Input for this task:

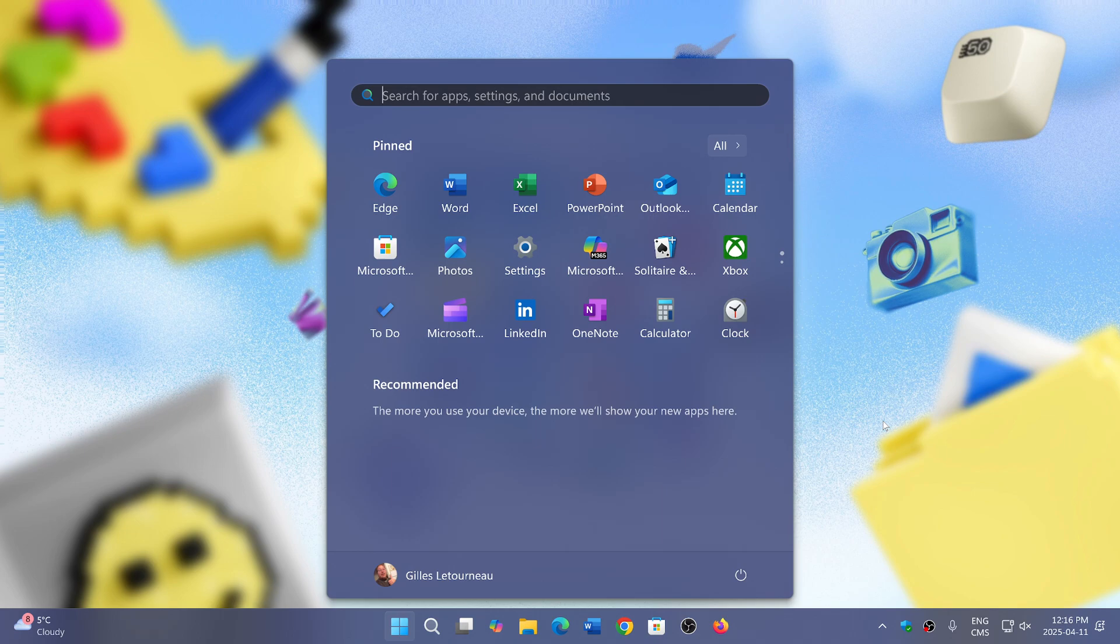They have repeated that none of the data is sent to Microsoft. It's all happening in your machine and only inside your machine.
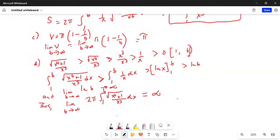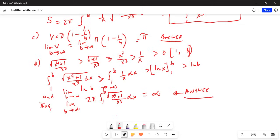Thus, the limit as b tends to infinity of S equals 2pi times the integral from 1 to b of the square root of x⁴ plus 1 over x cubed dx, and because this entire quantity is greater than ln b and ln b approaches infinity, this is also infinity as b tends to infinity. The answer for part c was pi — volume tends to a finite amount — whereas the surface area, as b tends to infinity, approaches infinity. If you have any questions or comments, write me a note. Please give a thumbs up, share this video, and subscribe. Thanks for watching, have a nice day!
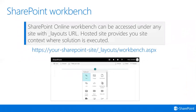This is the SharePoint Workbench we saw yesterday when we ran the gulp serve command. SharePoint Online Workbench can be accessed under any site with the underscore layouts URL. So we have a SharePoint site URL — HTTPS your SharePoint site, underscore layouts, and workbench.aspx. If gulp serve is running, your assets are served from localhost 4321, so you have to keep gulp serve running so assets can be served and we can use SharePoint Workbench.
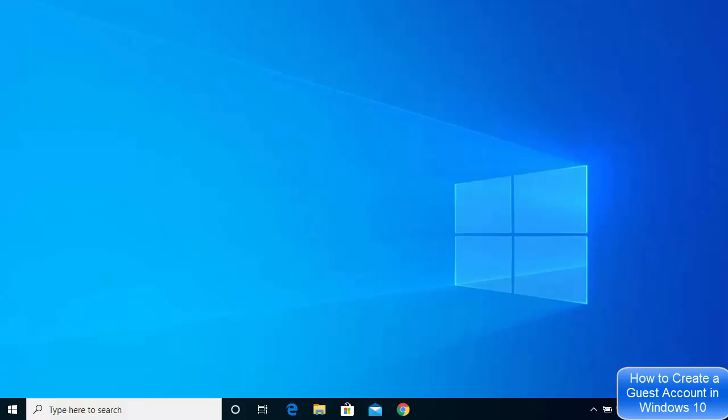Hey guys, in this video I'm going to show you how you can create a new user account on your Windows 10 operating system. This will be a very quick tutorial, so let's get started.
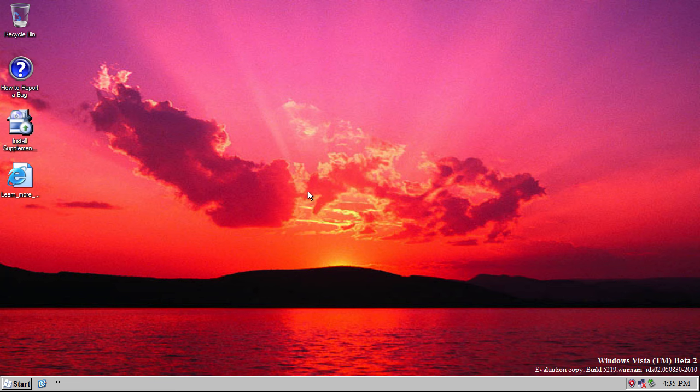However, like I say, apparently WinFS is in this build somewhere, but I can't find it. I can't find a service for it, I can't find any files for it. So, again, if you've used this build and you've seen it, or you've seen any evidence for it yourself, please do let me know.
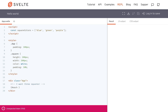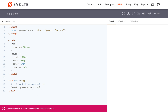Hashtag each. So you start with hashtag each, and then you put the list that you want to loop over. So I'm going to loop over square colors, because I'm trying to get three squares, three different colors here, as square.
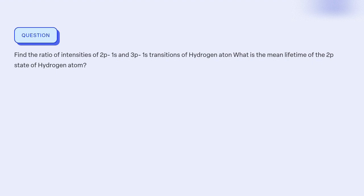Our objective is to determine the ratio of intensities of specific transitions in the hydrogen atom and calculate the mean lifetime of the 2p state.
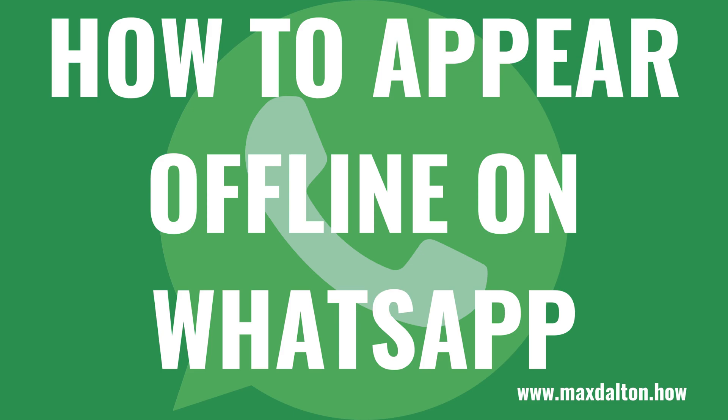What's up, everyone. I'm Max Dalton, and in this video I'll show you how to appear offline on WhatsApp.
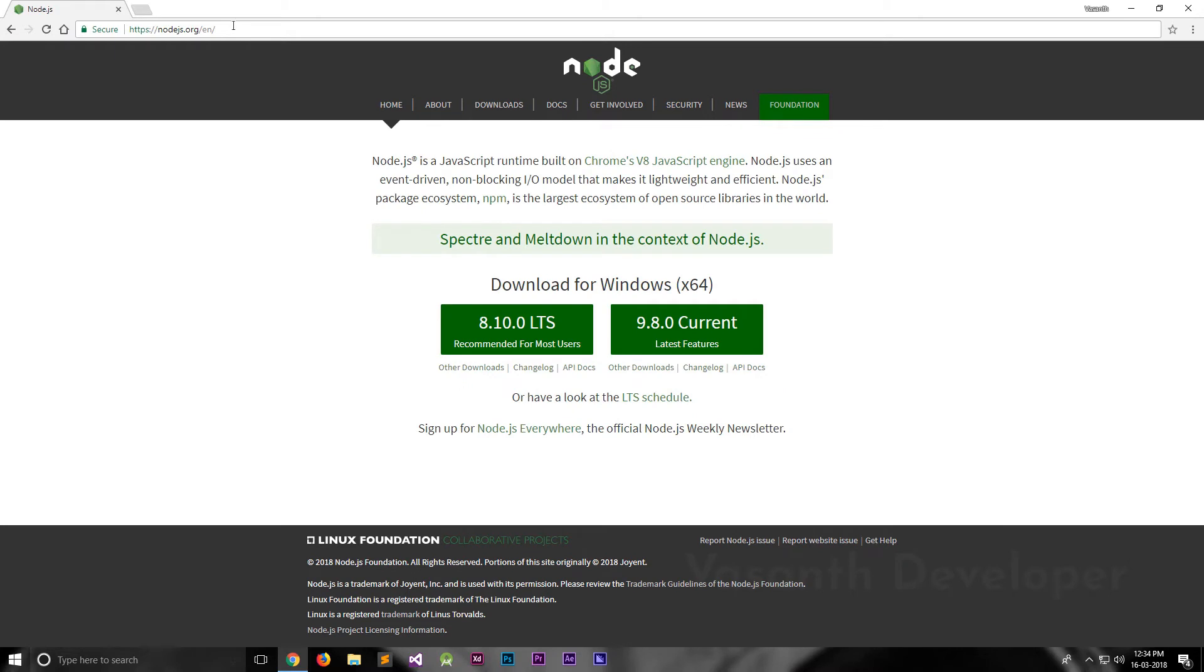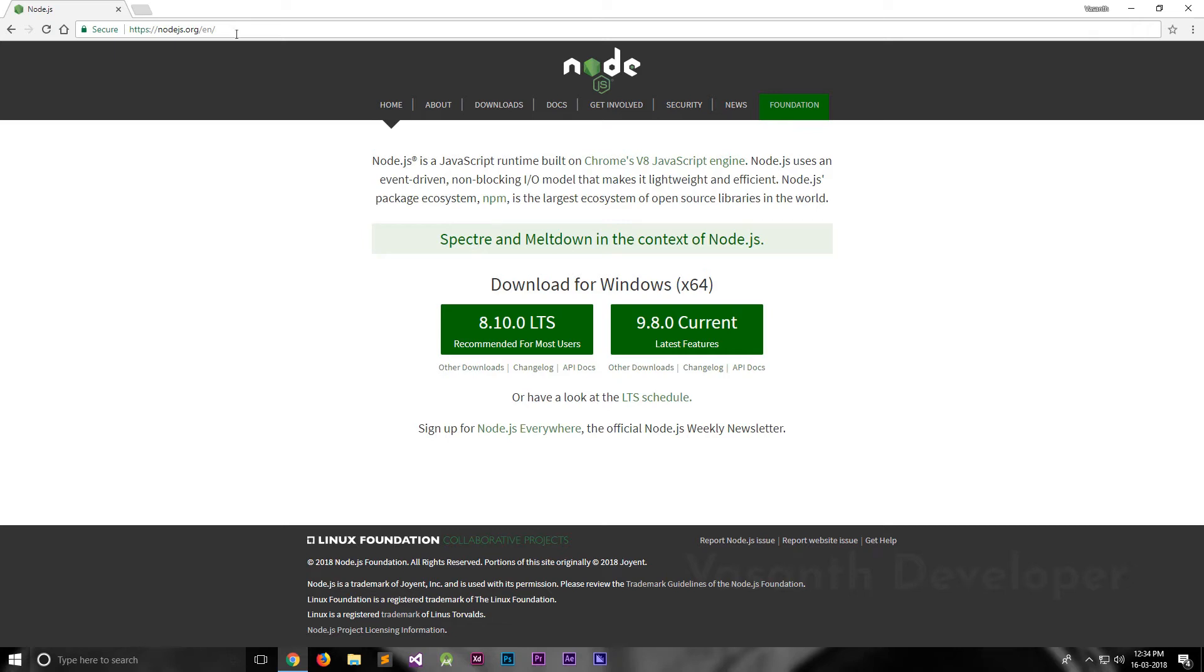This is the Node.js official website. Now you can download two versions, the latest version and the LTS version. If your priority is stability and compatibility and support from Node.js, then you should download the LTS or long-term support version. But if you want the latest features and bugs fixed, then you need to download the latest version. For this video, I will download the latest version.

==

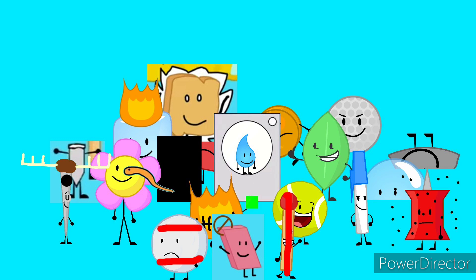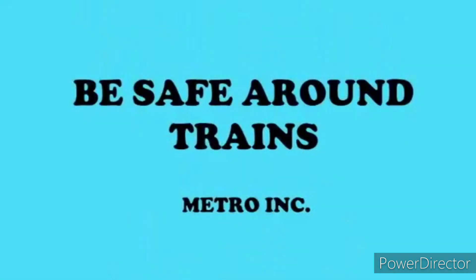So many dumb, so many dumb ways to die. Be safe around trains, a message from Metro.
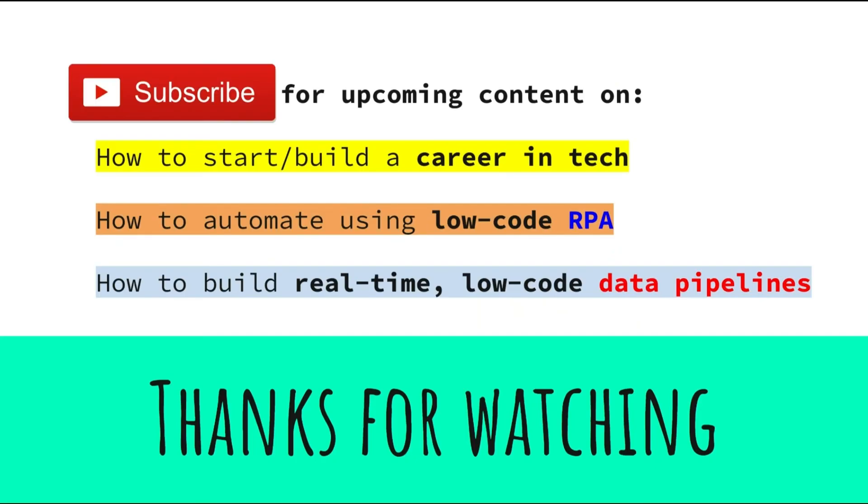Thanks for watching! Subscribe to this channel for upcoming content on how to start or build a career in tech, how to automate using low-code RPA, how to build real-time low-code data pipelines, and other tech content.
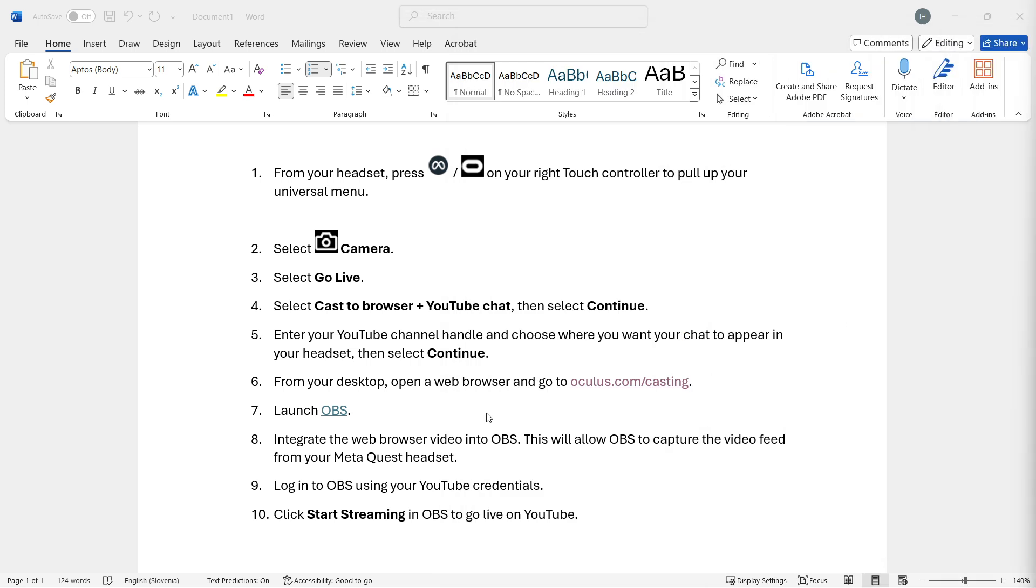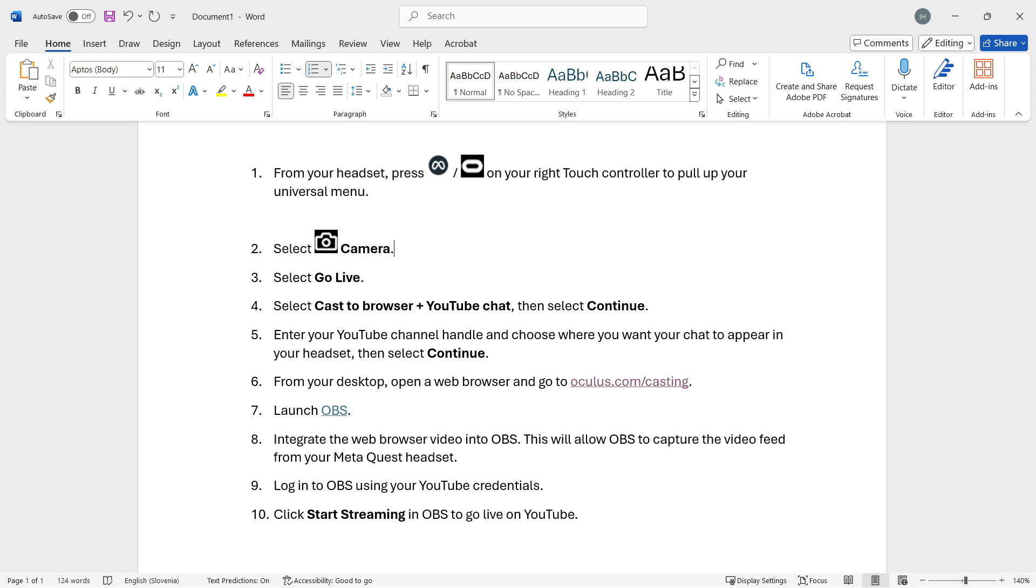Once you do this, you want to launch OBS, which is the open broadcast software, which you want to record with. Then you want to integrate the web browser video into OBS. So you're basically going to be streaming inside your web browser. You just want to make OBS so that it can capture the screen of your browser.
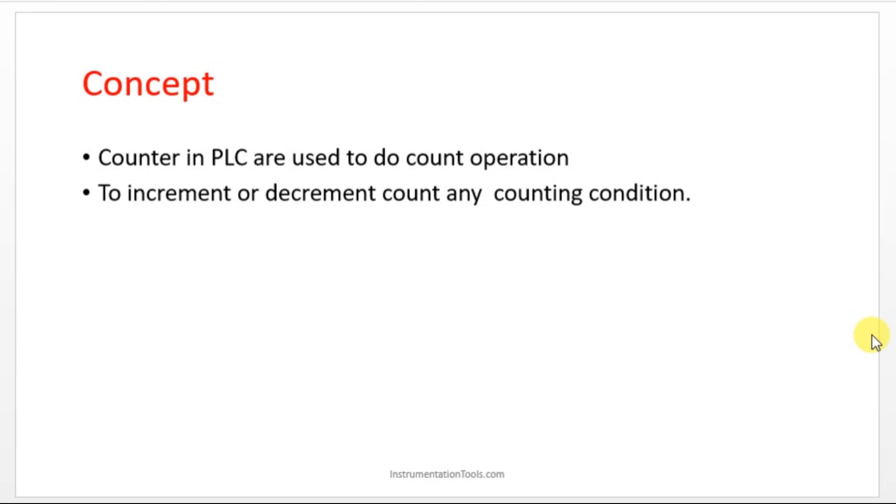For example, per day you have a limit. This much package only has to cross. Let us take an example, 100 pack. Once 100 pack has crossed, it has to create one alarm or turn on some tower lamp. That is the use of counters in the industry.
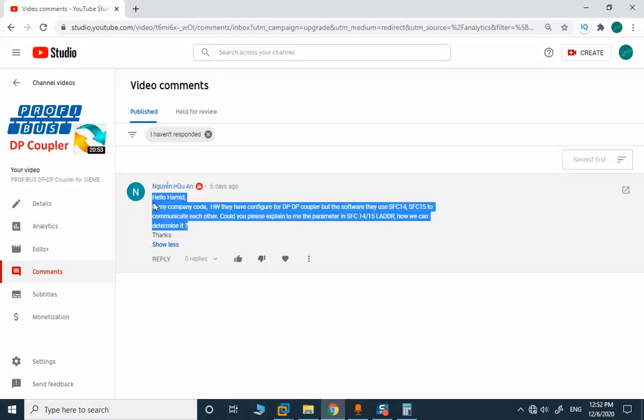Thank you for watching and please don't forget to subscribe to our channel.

Directions for this task: Excerpt from the records above: set down only the lines from the one that contains "However, like I" through the one that contains "This is the Node.js", inclusive, word for word. Pictures stay out.

Result of this exercise:
However, like I say, apparently WinFS is in this build somewhere, but I can't find it. I can't find a service for it, I can't find any files for it. So, again, if you've used this build and you've seen it, or you've seen any evidence for it yourself, please do let me know.
Hashtag each. So you start with hashtag each, and then you put the list that you want to loop over. So I'm going to loop over square colors, because I'm trying to get three squares, three different colors here, as square.
Our objective is to determine the ratio of intensities of specific transitions in the hydrogen atom and calculate the mean lifetime of the 2p state.
What's up, everyone. I'm Max Dalton, and in this video I'll show you how to appear offline on WhatsApp.
This is the Node.js official website. Now you can download two versions, the latest version and the LTS version. If your priority is stability and compatibility and support from Node.js, then you should download the LTS or long-term support version. But if you want the latest features and bugs fixed, then you need to download the latest version. For this video, I will download the latest version.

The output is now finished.